Our First Annual Purses for Paws fundraising dinner and auction was more successful than we could ever have hoped! To all the volunteers and people who attended, you were awesome. In fact, the funds raised were sufficient to allow us to start our building fund, a vehicle fund to transport to the vet for whatever reason and STILL continue providing low-cost spay & neuter services and food support to those needing the help.
Shown below are some of the photos taken at the fundraiser – where good food was enjoyed and happy winners enjoyed their prizes, whether from the silent auction or the purses.
And Kudos to Sara Marie Fukula – Photography by Sarah Marie – for doing such a great job of covering the event!
We regularly are receiving requests for in-home pet sitting, where someone reliable comes to a vacationing person’s home and takes care of their animals as if they were their own. If you are bondable, love animals and want to have your own independent business, this could be a lucrative niche in Hickory County that would also be providing a service. We’d be happy to help you think through how to set this up if you like. Just email us at firstname.lastname@example.org.
And if you’re already set up to do this sort of thing, please let us know ASAP. We’ll list you on a resource page, and there are several people we know actively looking for help.
Having been through it myself, I know there’s absolutely nothing worse than the uncertainty of wondering where one of your beloved companion animals has gone. I posted flyers all over within a 10-mile radius, and never did find Bear. Sadly, it’s likely that he was shot by a person who didn’t like dogs and/or had cattle that needed protecting and couldn’t deal with his rambunctious “herding.”
To aid in finding these animals, we suggest the following: Make sure all of your pets have a name tag with your contact information on it. Home Again, the microchip tracking company, says that over 50% of the animals recovered happen because of such a name tag. There are many on-line companies from which you can order it, or if your pet has been microchipped, then you usually can get one from them.

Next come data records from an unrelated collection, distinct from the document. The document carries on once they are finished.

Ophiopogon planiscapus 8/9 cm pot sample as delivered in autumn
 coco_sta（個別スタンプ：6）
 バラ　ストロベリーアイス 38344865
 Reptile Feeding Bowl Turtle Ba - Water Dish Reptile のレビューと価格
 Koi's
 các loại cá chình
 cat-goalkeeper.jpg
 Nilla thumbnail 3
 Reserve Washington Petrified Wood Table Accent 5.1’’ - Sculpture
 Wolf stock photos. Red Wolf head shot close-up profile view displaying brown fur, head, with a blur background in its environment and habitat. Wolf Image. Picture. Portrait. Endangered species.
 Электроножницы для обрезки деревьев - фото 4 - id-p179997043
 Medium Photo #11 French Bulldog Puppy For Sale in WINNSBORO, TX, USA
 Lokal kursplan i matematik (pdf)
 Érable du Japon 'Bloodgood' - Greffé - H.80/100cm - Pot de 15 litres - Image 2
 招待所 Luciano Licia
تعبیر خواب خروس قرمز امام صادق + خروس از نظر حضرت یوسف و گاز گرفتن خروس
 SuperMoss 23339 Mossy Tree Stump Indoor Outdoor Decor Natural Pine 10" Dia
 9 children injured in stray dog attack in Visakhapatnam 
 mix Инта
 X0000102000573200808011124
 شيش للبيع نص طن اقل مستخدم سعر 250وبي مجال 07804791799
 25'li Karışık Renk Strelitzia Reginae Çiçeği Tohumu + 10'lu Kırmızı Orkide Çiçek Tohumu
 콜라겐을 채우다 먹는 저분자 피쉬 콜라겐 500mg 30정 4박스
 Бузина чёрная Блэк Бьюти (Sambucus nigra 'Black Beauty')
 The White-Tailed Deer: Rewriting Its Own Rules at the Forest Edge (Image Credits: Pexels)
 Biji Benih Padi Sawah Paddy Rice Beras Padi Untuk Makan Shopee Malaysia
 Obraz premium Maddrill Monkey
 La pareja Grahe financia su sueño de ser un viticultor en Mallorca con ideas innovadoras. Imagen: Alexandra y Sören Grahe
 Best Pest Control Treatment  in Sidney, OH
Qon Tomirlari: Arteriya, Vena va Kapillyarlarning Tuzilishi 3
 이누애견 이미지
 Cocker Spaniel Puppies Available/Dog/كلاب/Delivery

Secondly, post the missing pet on our Facebook page, to the main Hickory County chats page, and I also suggest you consider taking out a lost-pet ad. Putting flyers at the local post offices, gas stations, the cafe on the square in Hermitage, etc. also gets the word out. Lastly, if you have a picture, send that information, a description of the animal and where it was last seen to email@example.com and we’ll also get it posted up here.
Anyone who has a dog knows their nails keep growing no matter what you do, and one of our least favorite activities is trying to convince them to let us trim their nails. You can either take them to the vet or groomer and pay for it to be done, or try and do it yourself. Often we spend the money in frustration, because who needs the hassle of your dog having a nervous breakdown.
Recently I heard of a nifty trick. Part of the problem with us trimming our dogs’ nails is that we are doing it the wrong way. Either we’re taking too much off at a single time or we’re asking them to become unsteady on their feet by lifting up their paws, which is uncomfortable.
Instead, get a trimmer that has an open end, so you don’t need to lift up the nail or paw. Kneel down in front of your dog. Don’t lift the paw. Just put the trimmer under the nail with the paw still on the ground, bring it up slightly and snip off just a small amount. Doing so will let your dog stay stable and avoid the possibility of cutting too much or hitting the quick. This lets you quickly get each paw done.
If you have one of those dogs who hates the sound of the clipping, do a paw, then go away. Come back another time to do another one. If your dog’s nails have grown super long, take them down a bit at a time, and you’ll get less resistance from your pet.